The two had met in the 1990s and quickly became friends. They considered the merger expedient due to the missions of their two groups, and Burkett's health. Burkett was chairman of the board of the combined entity until his 2003 death from heart failure. Dayton was CEO from the time of the merger until 2007 when Chuck Bentley became CEO.

==Activities==
A radio show, Crown Radio: Money Matters aired on 1,100 radio stations. An estimated 2,000,000 listeners in the US listen to the program, which is also aired in Africa, Australia and China. A Spanish-language version is aired in 23 countries. As of April 2008 the show was renamed MoneyLife and hosted by Chuck Bentley. Howard Dayton stepped aside as host and CEO to focus on writing books and speaking, but remains actively involved in Crown, according to their website.

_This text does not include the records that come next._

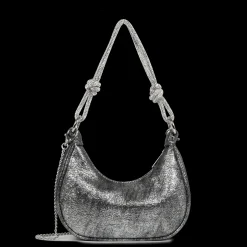 Sac demi lune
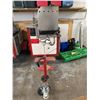 Image 3 : Mobile Food Trailer With Griddle and Sink Unit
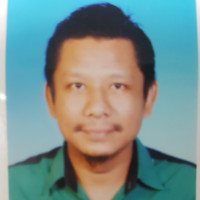 Faiz Mohd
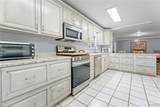 625 Foothill Road - Photo 12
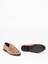 Saint Laurent `Le Loafer` Loafers
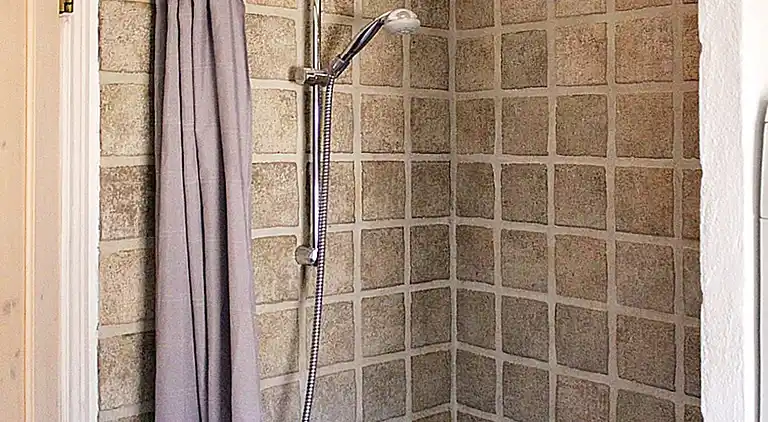 Holiday home in Houvig Strand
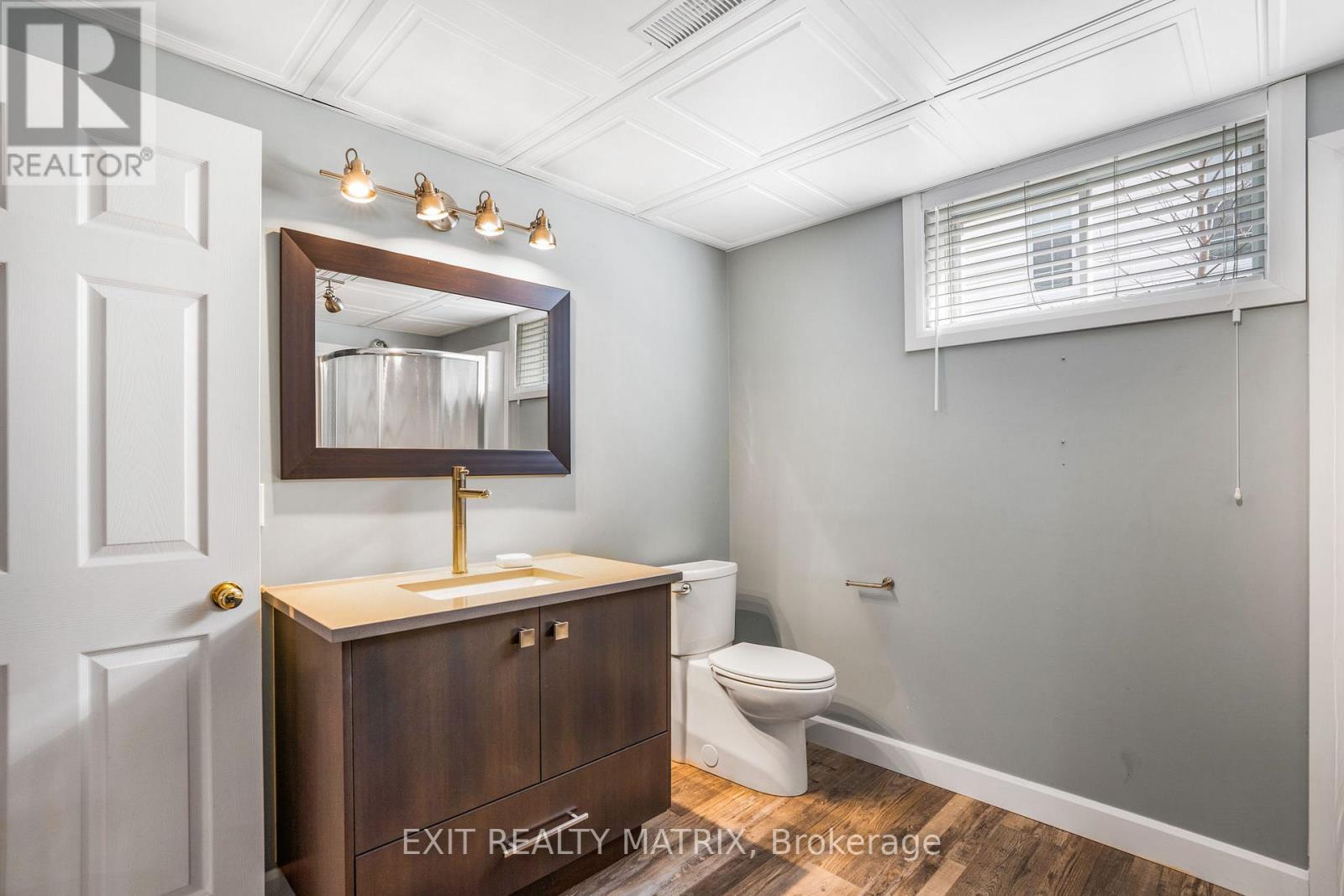 84 Anik Street, North Glengarry, Ontario  K0C 1A0 - Photo 28 - X12093292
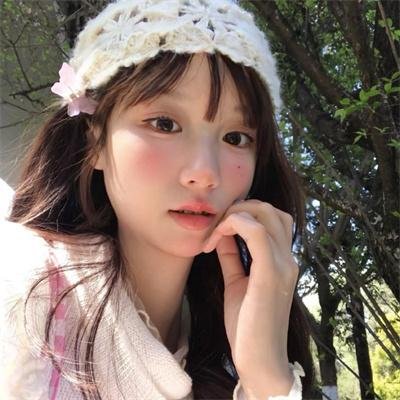 双子座计划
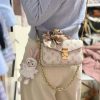LV POCHETTE MéTIS EAST WEST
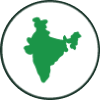 Made in India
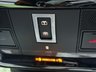 USED 2017 67 LAND ROVER RANGE ROVER VELAR 3.0 SD6 V6 R-DYNAMIC HSE BLACK PACK PANORAMIC ROOF HEAT/COOL MASSAGE SEATS AIR SUSPENSION SUV 5DR DIESEL AUTO 4WD EURO 6 (S/S) (300 PS) MERIDIAN~HEAT+COOL MASSAGE SEATS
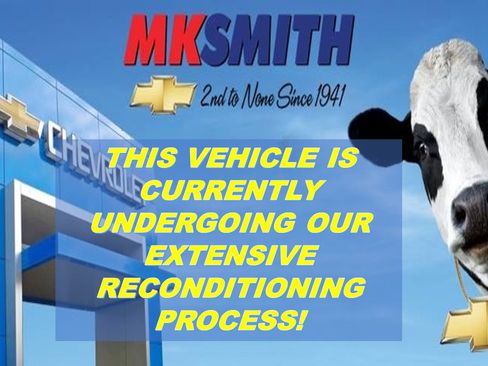 Used 2022 Chevrolet Silverado 1500 Custom RWD image 2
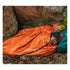 SOL Bivvy XL with Rescue Whistle - Emergency Shelter with Built - In Safety Feature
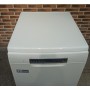 Посудомоечная машина Bosch SMS4HMW1FR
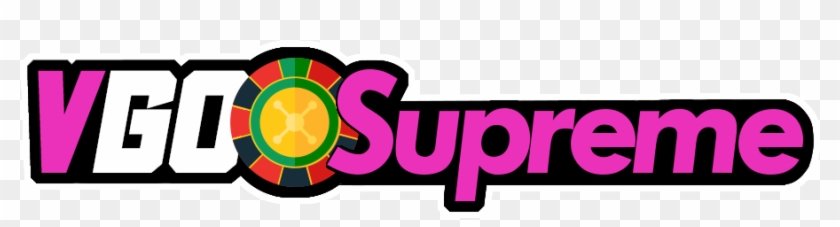 Chat Rules - Graphic Design Clipart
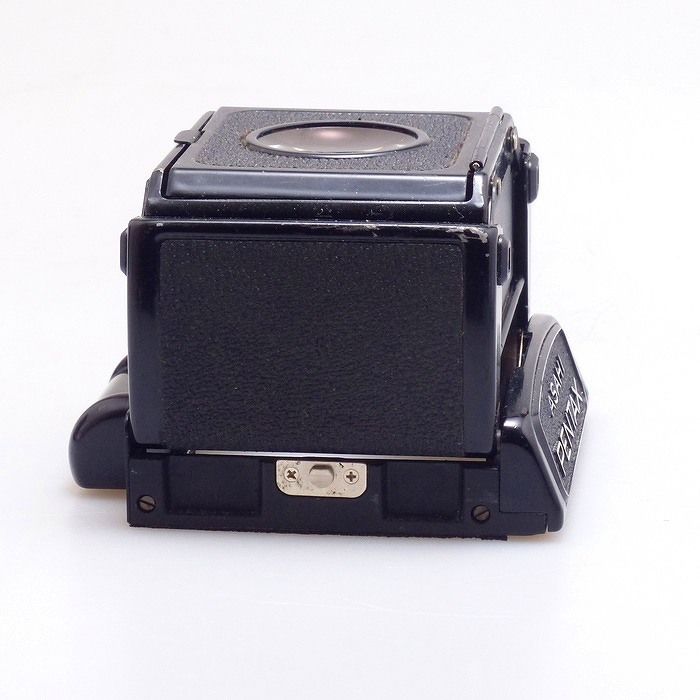 PENTAX 6x7用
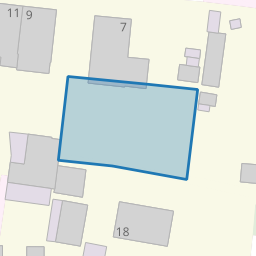 Perceel ENS00-G-4141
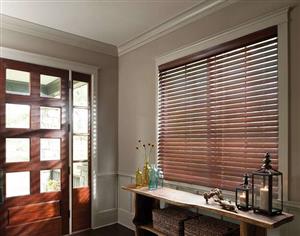 Blinds And Curtains Junk Mail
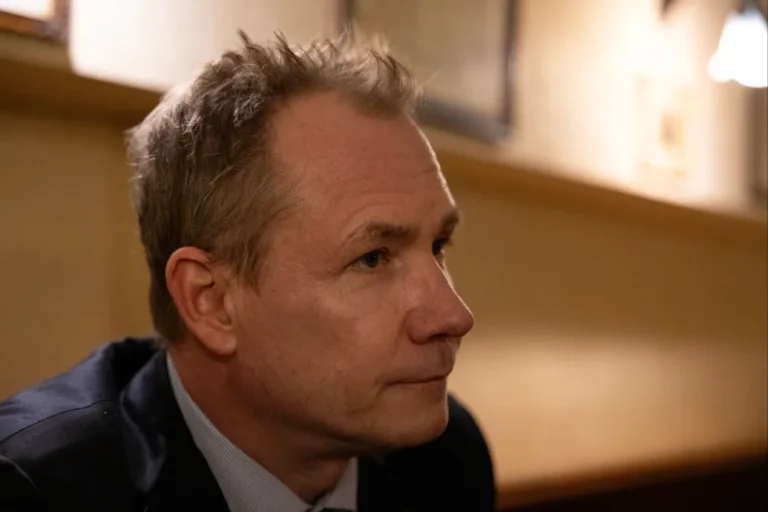 A Tisza sportpolitikusa: Abszurd állítás, hogy a Tisza Párt győzelmével a magyar sportnak csak rosszabb lehet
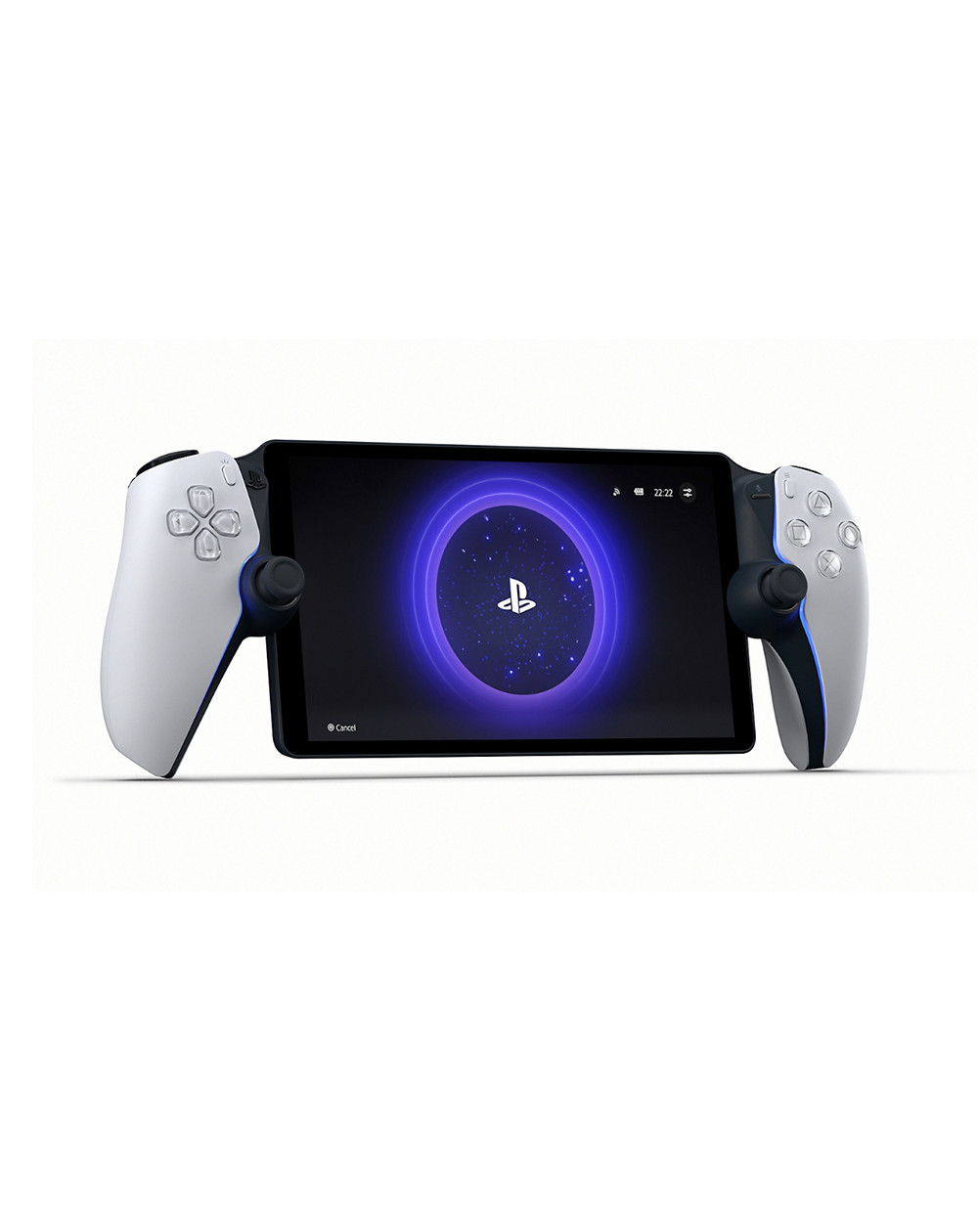 Reproductor Remoto PlayStation Portal PS5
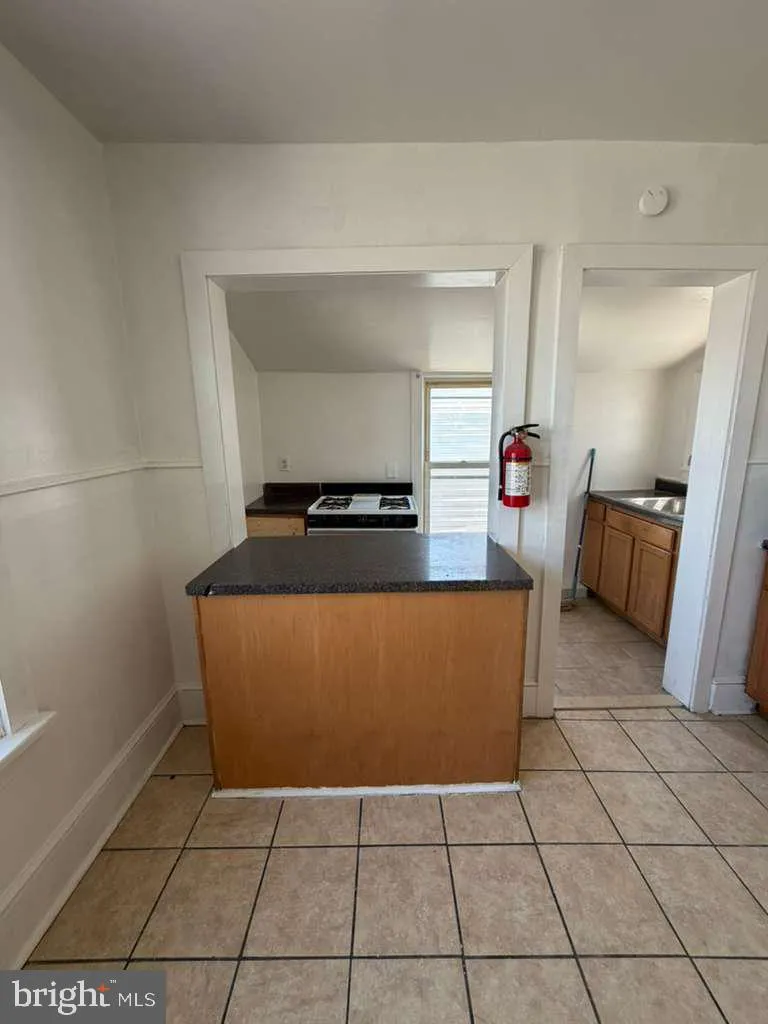 Additional image 18 of 1600 S Broad Street Unit 2B, Trenton, NJ 08610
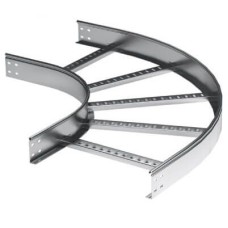 Угол горизонтальный DKC (LIC1350KZL)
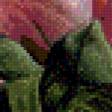 Preview of cross stitch pattern: #939780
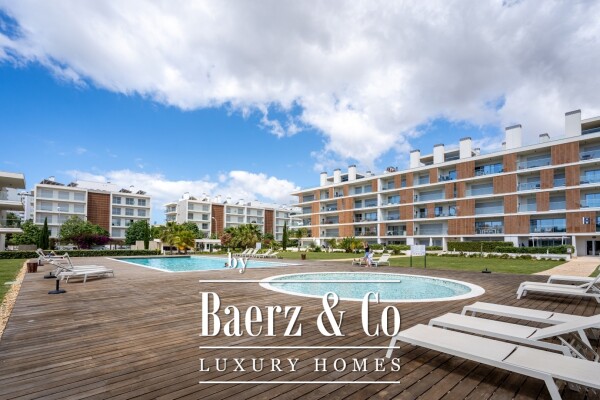 photo 45 R. Joaquim Magalhães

The message is similar to the teachings of financial talk show host Dave Ramsey that getting out of debt and controlling one's expectation of living are important parts of Christian discipleship. Dave Ramsey credits the co-founder Larry Burkett as one of his mentors who helped him get out of debt and form his thoughts and ideas on finances. While they acknowledge there is no direct admonition in the Bible against assuming debt, they heavily discourage taking it on.

Christian financial planner Gary Moore criticized Crown in 2006 for what he considers an aversion to taking on debt.